Das Liebesleben der Bäume

NATURFILM In „Das Grüne Wunder – Unser Wald“ zeigt Jan Haft verblüffende Bilder von Pilzen, Ameisen, Fichten, Wildschweinen, Waldmäusen und Fuchswelpen

Wenn da „Sonne und Wind die Lebensgeister im Wald wecken“ oder vom „stillen Liebesleben der Baumgiganten“ erzählt wird, sind dies unfreiwillig komische Stilblüten

VON WILFRIED HIPPEN

In den 70er Jahren waren für ein paar Tage Spinnen die Stars im deutschen Fernsehens. Gezeigt wurde „Sterns Stunde: Bemerkungen über die Spinne“, und darin war es dem Journalisten Horst Stern und dem Kameramann Kurt Hirschel gelungen, anhand von faszinierenden Großaufnahmen so interessant von diesen Tieren zu erzählen, dass sie für eine kurze Zeit bei den damals sensationell vielen ZuschauerInnen Faszination statt Ekel auslösten. Zumindest auf der Bildebene sind Jan Haft und sein Kameramann Kay Ziesenhenne würdige Erben von Stern, denn auch ihr Film „Das Grüne Wunder – Unser Wald“ ist voller großartiger Naturaufnahmen, mit denen sie zeigen, welch exotische Mikrokosmen die heimischen Biotope tatsächlich sind.
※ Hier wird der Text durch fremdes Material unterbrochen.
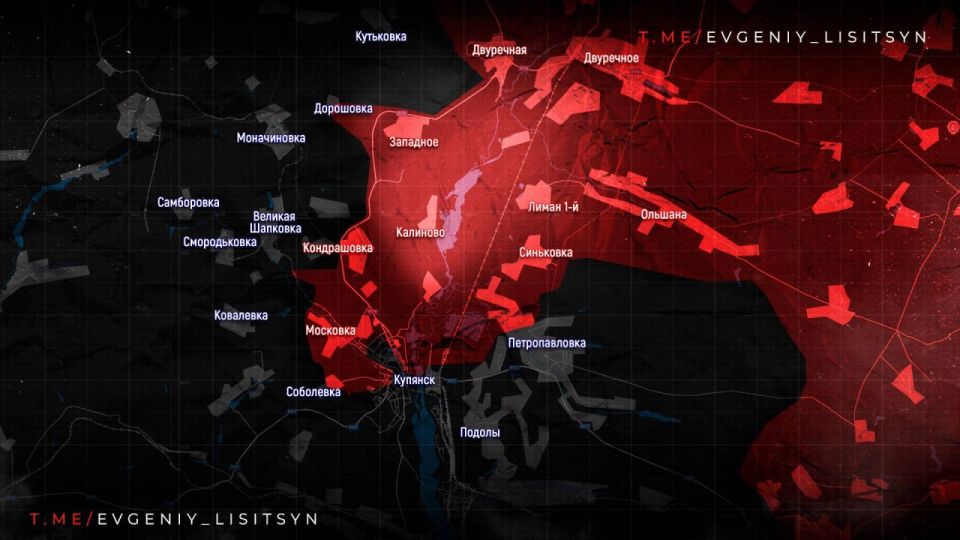 Фронтовая сводка по состоянию на утро вторника, 9 сентября: Фронтовая сводка по состоянию на утро вторника, 9 сентября:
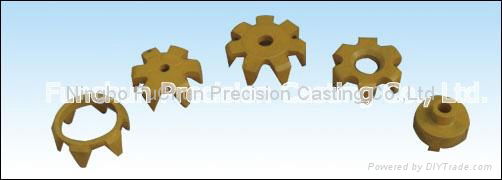 Professional ductile iron,grey iron,carbon steel,alloy steel casting 5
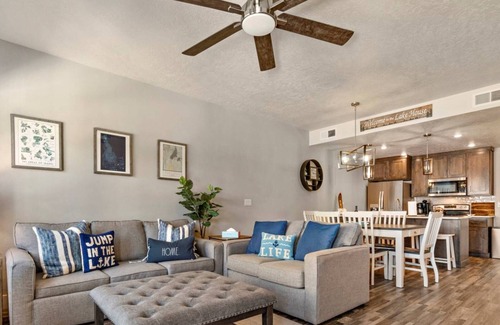 McCall House | Adjacent Escapes McCall Idaho: 2 side by side Townhouses!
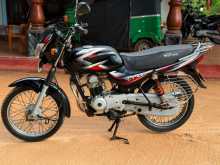 Bajaj CT-100 2016 Motorbike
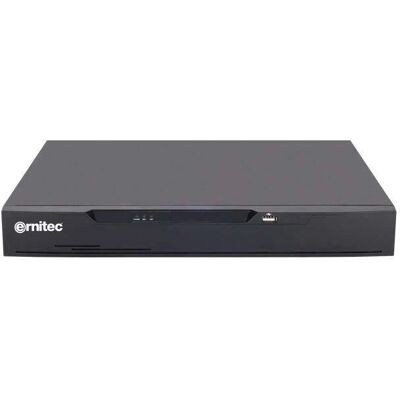 Ernitec 0070-10403-A 16-Kanal 4K NVR - Netzwerk-Videorekorder Ernitec 0070-10403-A 16-Kanal 4K NVR - Netzwerk-Videorekorder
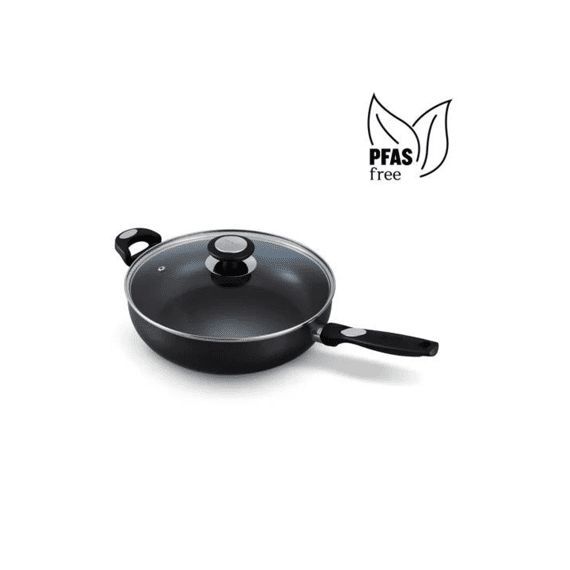 Beka Pro Induc R Ceramic Non-stick Skillet With Glass Lid + Helper Handle 28cm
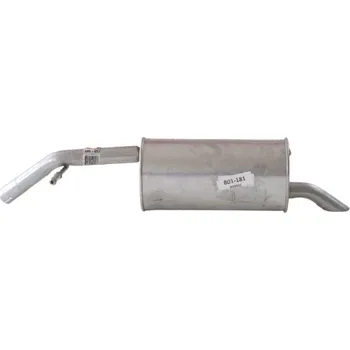 Tlumič výfuku Zadní tlumič výfuku BOSAL 190-057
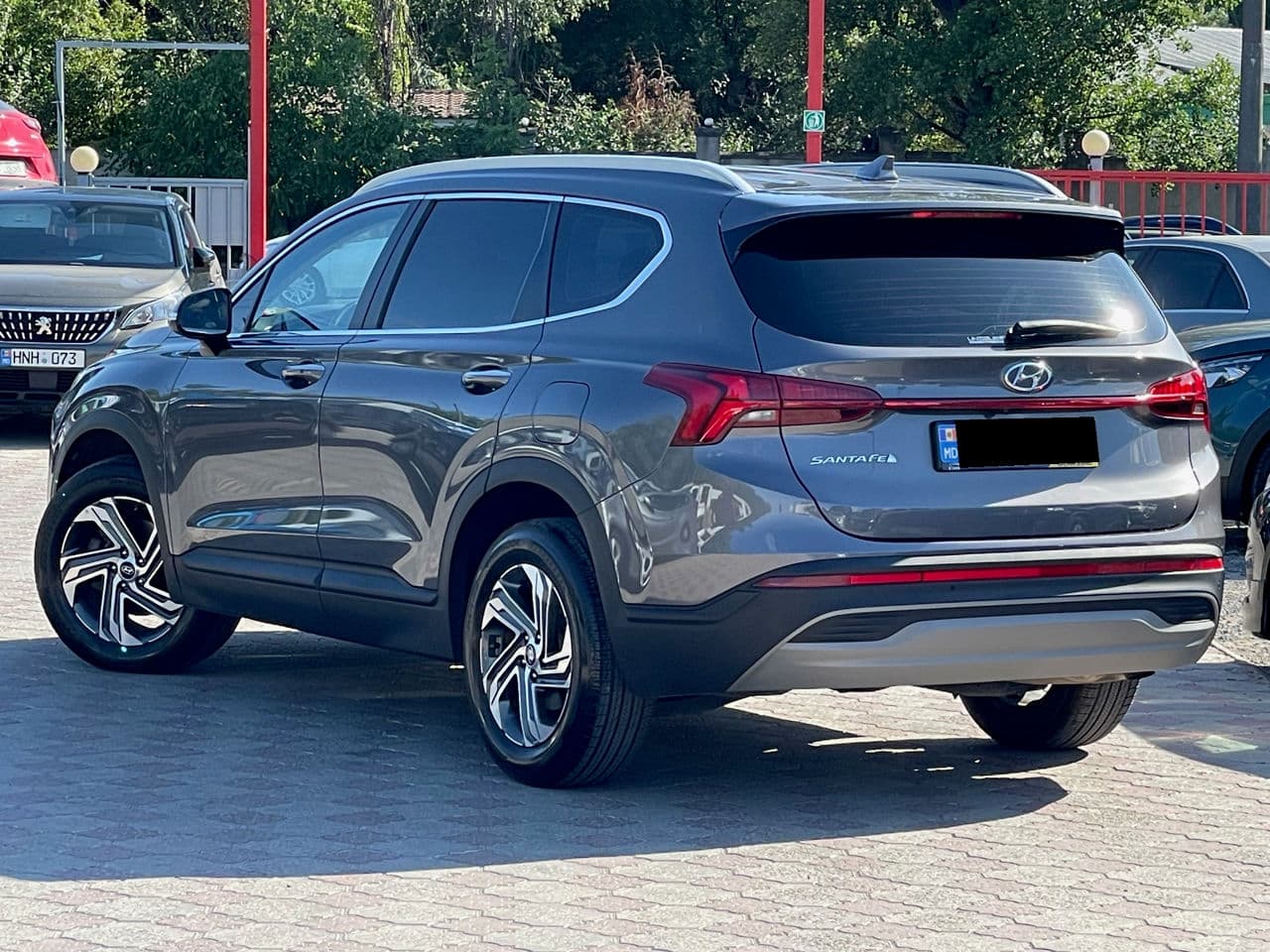 Hyundai Santa Fe 2023 — Миниатюра 2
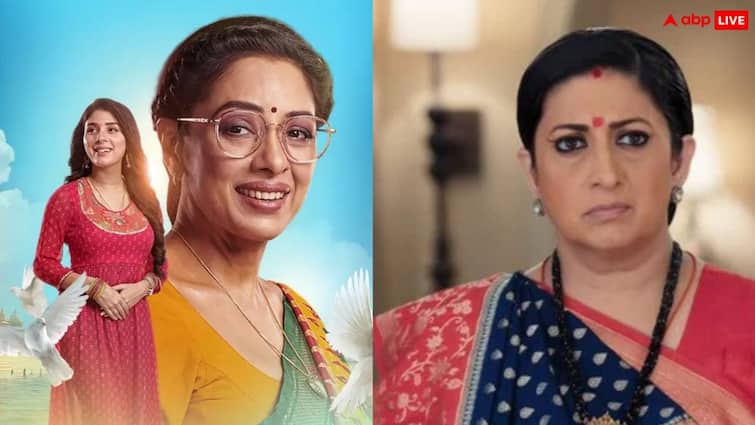 TRP Report: 'अनुपमा' के आगे 'क्योंकि सास भी कभी बहू थी' ने तोड़ा दम, Bigg Boss 19 की बढ़ी रेटिंग, लेकिन टॉप 10 से बाहर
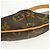 Louis Vuitton Musette Salsa Monogram Canvas PM Marrone - vista 7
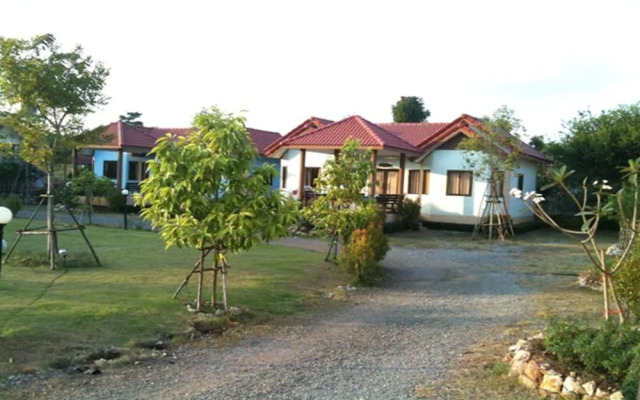 Baan Kinlom Chom Daw Khao Yai
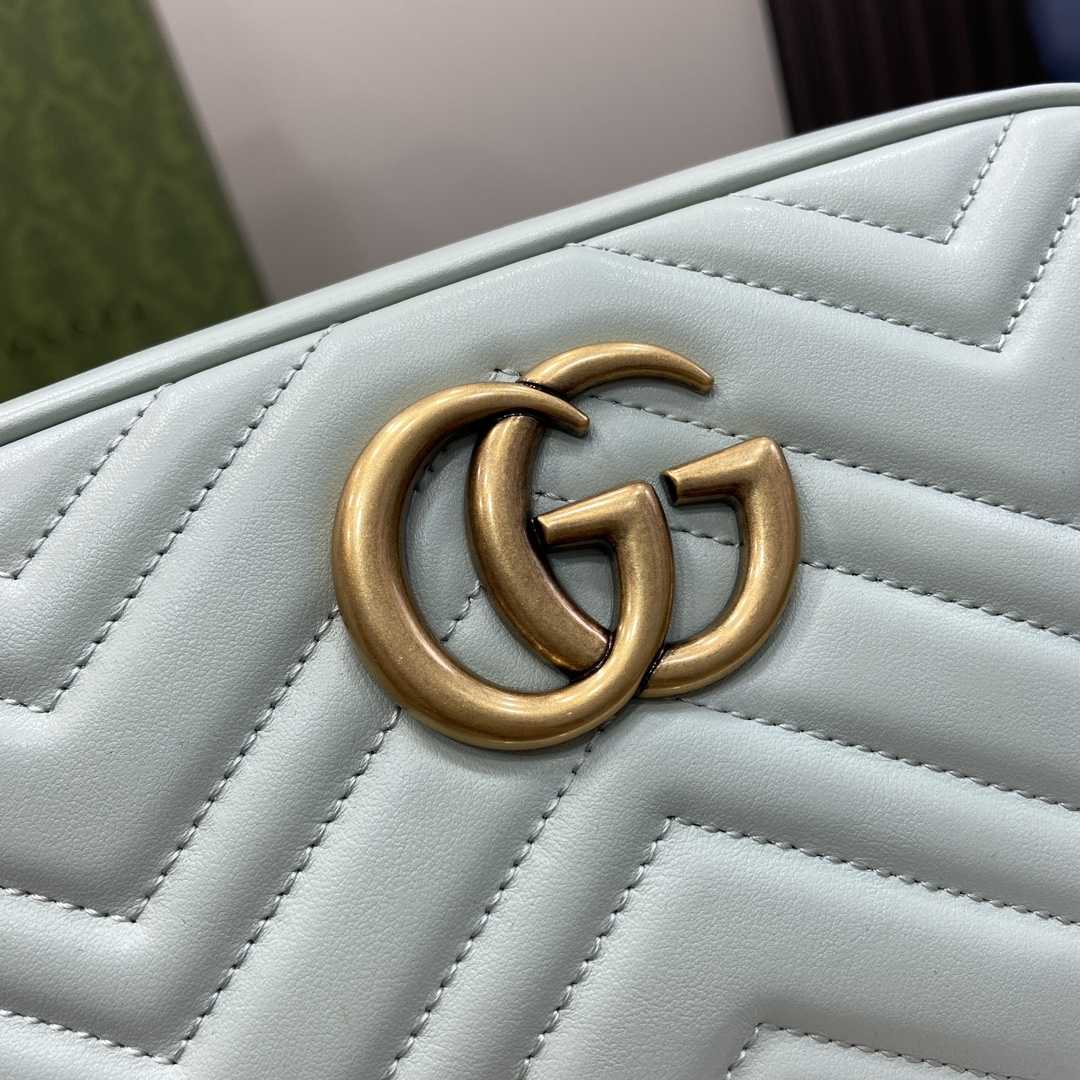 Gucci GG Marmont Small Shoulder Bag - EUR FASHION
So umfassend und komplex wie hier wurden Fauna und Flora des Waldes noch nie in einem Film vorgestellt. Sechs Jahre hat Haft sich am deutschen Wald abgearbeitet. Sein Zweiteiler „Mythos Wald“ lief 2009 in der ARD und bildet die Basis dieser Kinoproduktion, für die noch einige zusätzliche Sequenzen gedreht wurden.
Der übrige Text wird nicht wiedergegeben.